In [1]:
import pandas as pd
import numpy as np
from sklearn.datasets import make_regression
from sklearn.model_selection import train_test_split
from sklearn.metrics import mean_squared_error, log_loss
from sklearn.ensemble import GradientBoostingRegressor, AdaBoostRegressor
from xgboost import XGBRegressor
from sklearn.linear_model import LassoCV, LinearRegression, LogisticRegressionCV

In [2]:
from google.colab import drive
drive.mount('/content/drive')
DIR_PATH = "/content/drive/MyDrive/CANSSI Competition/"

Mounted at /content/drive


In [3]:
train = pd.read_parquet(DIR_PATH+'train_datatrots_2013-2022 (2).parquet', engine='pyarrow')
test = pd.read_parquet(DIR_PATH+'test_datatrots_2013-2022 (2).parquet', engine='pyarrow')

In [4]:
train_ID = train['Race_ID']
test_ID = test['Race_ID']

In [5]:
X_train = train.drop(columns=['Race_ID','RaceStartTime', 'win probability'])
y_train = train['win probability']
X_test = test.drop(columns=['Race_ID','RaceStartTime', 'win probability'])
y_test = test['win probability']

In [6]:
# normalize prediction result function
def normalize_predictions_by_id(predictions, ids):
    predictions = np.clip(predictions, 0, 1)
    predictions = pd.Series(predictions)
    ids = pd.Series(ids)
    sums = predictions.groupby(ids).transform('sum').replace(0, pd.NA)
    normalized_predictions = predictions / sums
    normalized_predictions = normalized_predictions.fillna(1.0 / len(predictions))
    return normalized_predictions.values

In [7]:
y_train_normalized = normalize_predictions_by_id(y_train, train_ID)
y_test_normalized = normalize_predictions_by_id(y_test, test_ID)

In [8]:
# Xgboost
xgboost = XGBRegressor(random_state=42)
xgboost.fit(X_train, y_train_normalized)
xgb_predictions = xgboost.predict(X_test)

In [9]:
# Normalize
xgb_predictions = pd.Series(xgb_predictions)
xgb_predictions.index = y_test.index
xgb_pred_norm= normalize_predictions_by_id(xgb_predictions, test_ID)
xgb_mse = mean_squared_error(xgb_pred_norm, y_test_normalized)
print(f'XGBoost MSE: {xgb_mse:.4f}')

XGBoost MSE: 0.0129


In [11]:
# Lasso Regression
lasso = LassoCV(cv=5).fit(X_train, y_train_normalized)
lasso_predictions = lasso.predict(X_test)
lasso_predictions = pd.Series(lasso_predictions)
lasso_predictions.index = y_test.index
lasso_pred_norm= normalize_predictions_by_id(lasso_predictions, test_ID)
lasso_mse = mean_squared_error(lasso_pred_norm, y_test_normalized)
print(f"Lasso MSE: {lasso_mse:.4f}")

Lasso MSE: 0.0139


  model = cd_fast.enet_coordinate_descent(


In [14]:
# Linear Regression
lm = LinearRegression().fit(X_train, y_train_normalized)
lm_predictions = lm.predict(X_test)
lm_predictions = pd.Series(lm_predictions, index=y_test.index)
lm_pred_norm = normalize_predictions_by_id(lm_predictions, test_ID)
lm_mse = mean_squared_error(lm_pred_norm, y_test_normalized)
print(f"Linear Regression MSE: {lm_mse:.4f}")

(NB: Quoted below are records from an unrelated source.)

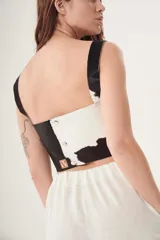 Top corto de cuero ovino con estampado de vaca en blanco y negro, de corte recto y breteles anchos.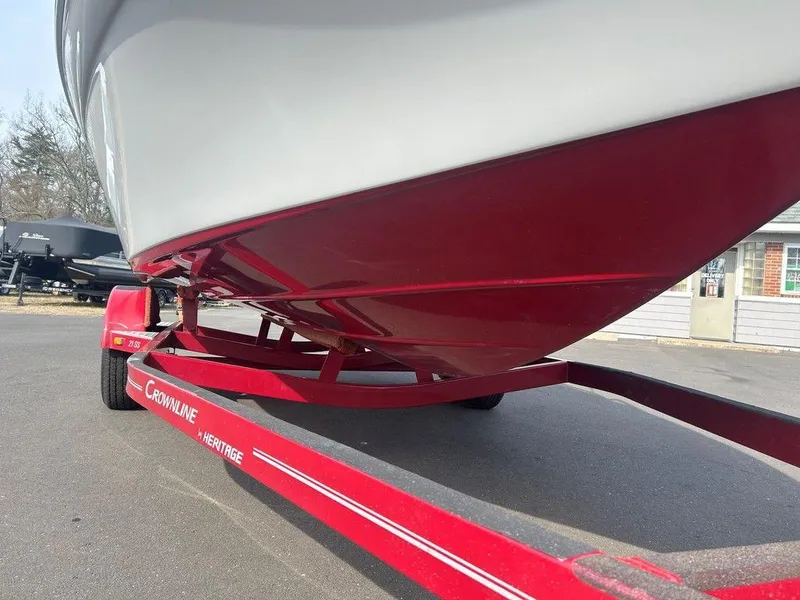 Slide: The Image of 2013 Crownline 21 SS boat on red trailer, parked outdoors. - 29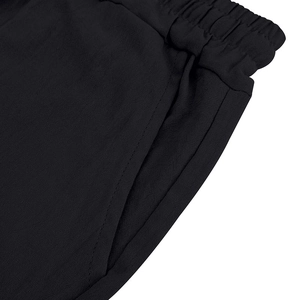 Close-up of black linen summer shorts featuring elastic waistband and functional side pockets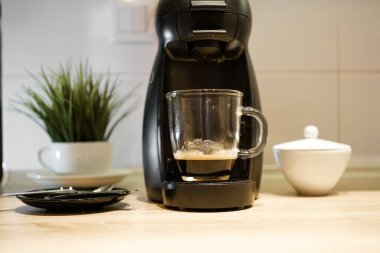 Kahve yapan kapsül. Espresso ile şeffaf bardak. Kız bir fincan alır.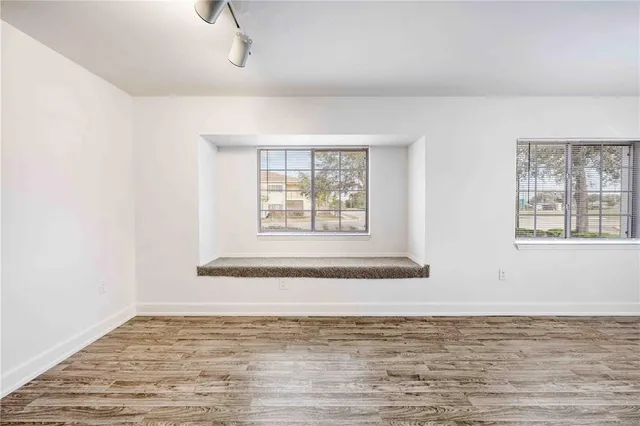 an empty room with a ceiling fan and carpet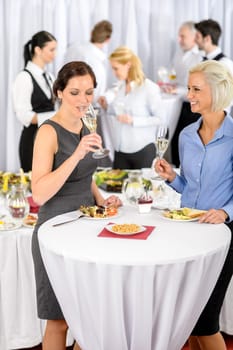 Business women drink aperitif during company seminar meeting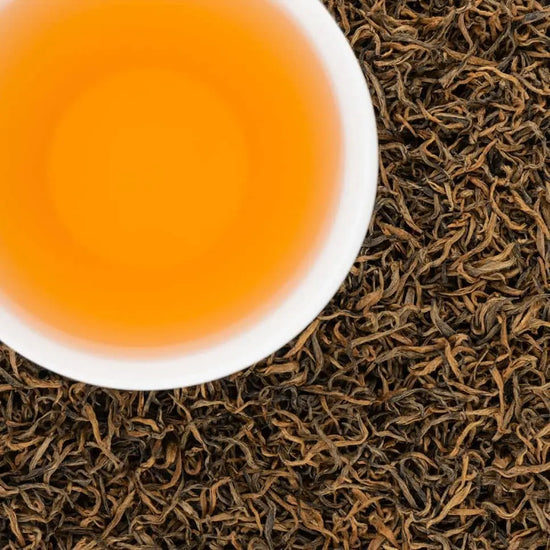 A white cup of brewed Sagarmatha Gold black tea showing a vibrant honey-colored liquor next to dry loose leaves.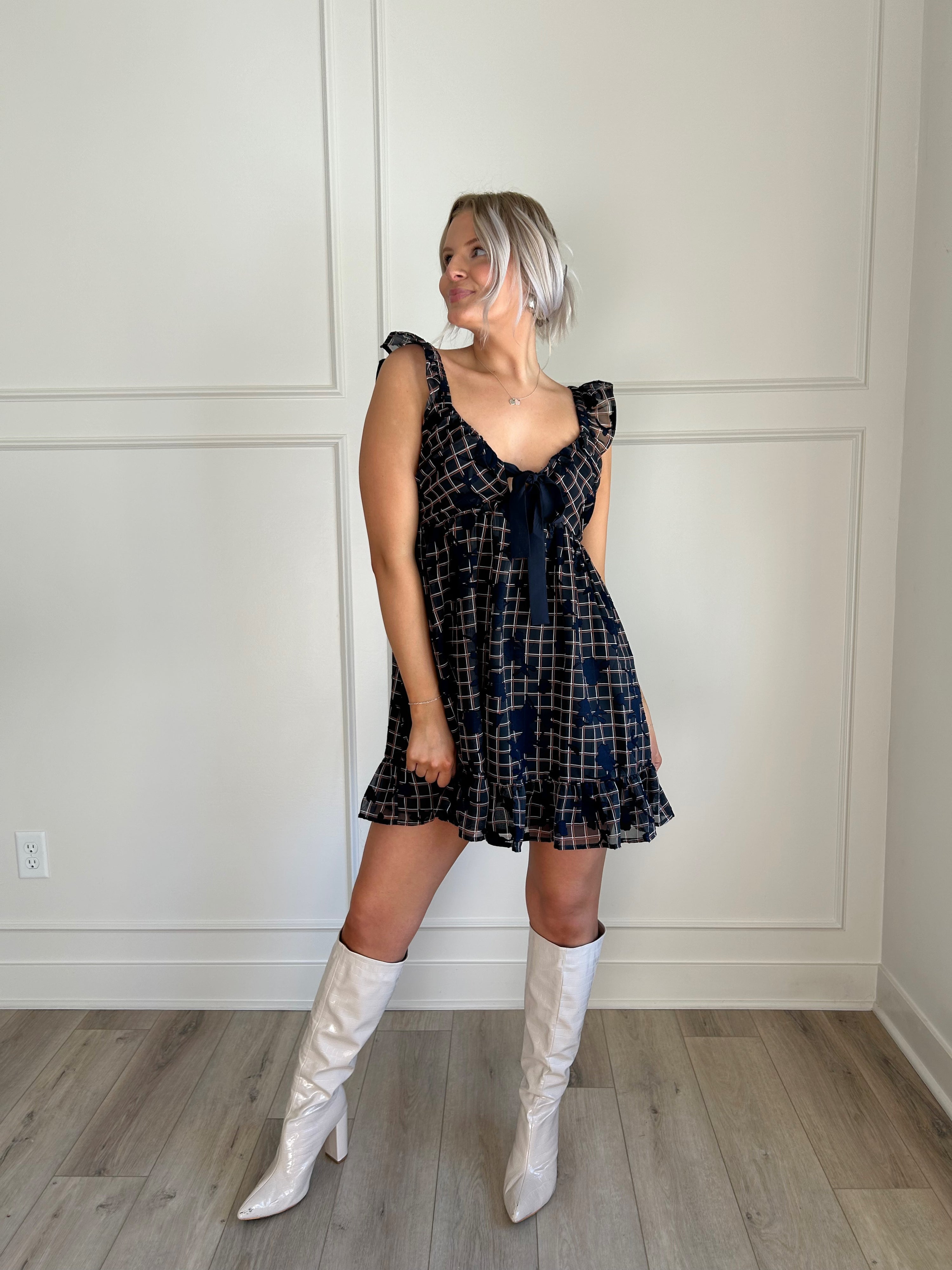 Navy plaid babydoll dress with ruffle sleeves, bow tie detail, and playful hemline.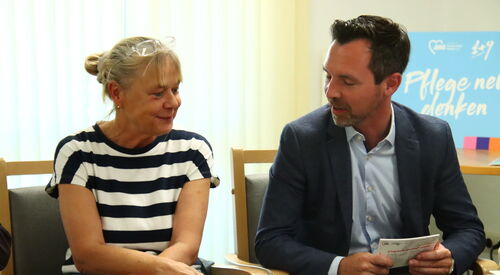 Frau mit blonden hochgesteckten Haaren und gestreiftem T-Shirt sitzt neben Mann in Anzug und Hemd, sie unterhalten sich.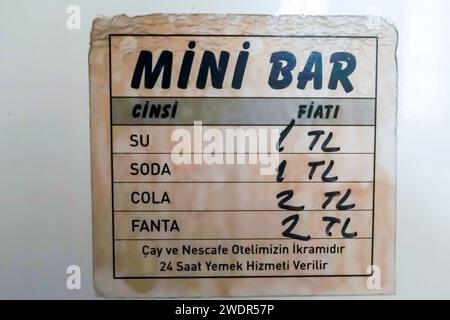 Mini fridge hotel price tag, handwritten: price on water, cola, soda in Turkish in TL Stock Photo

Linear Regression MSE: 0.0139


In [15]:
# current best model is XGBoost
xgb_pred_norm

array([0.13504088, 0.13498738, 0.09455411, ..., 0.        , 0.        ,
       0.00422223], dtype=float32)

submission for all observation's forcasting

In [16]:
X = pd.concat([X_train, X_test], ignore_index=True)
ID = train['Race_ID'].append(test['Race_ID'], ignore_index=True)
y = y_train.append(y_test, ignore_index=True)
y_normalized = normalize_predictions_by_id(y, ID)

  ID = train['Race_ID'].append(test['Race_ID'], ignore_index=True)
  y = y_train.append(y_test, ignore_index=True)


In [18]:
xgb_predictions = xgboost.predict(X)
xgb_predictions = pd.Series(xgb_predictions)
xgb_predictions.index = y.index
xgb_pred_norm= normalize_predictions_by_id(xgb_predictions, ID)
xgb_mse = mean_squared_error(xgb_pred_norm, y_normalized)
print(f'XGBoost MSE: {xgb_mse:.4f}')

XGBoost MSE: 0.0121


In [19]:
xgb_pred_norm

array([0.15317927, 0.10670125, 0.14966989, ..., 0.        , 0.        ,
       0.00422223], dtype=float32)

In [20]:
xgb_pred_norm.shape

(1200412,)

In [23]:
pd.DataFrame({"Win Probability":xgb_pred_norm}).to_parquet('win_probability_variable.parquet')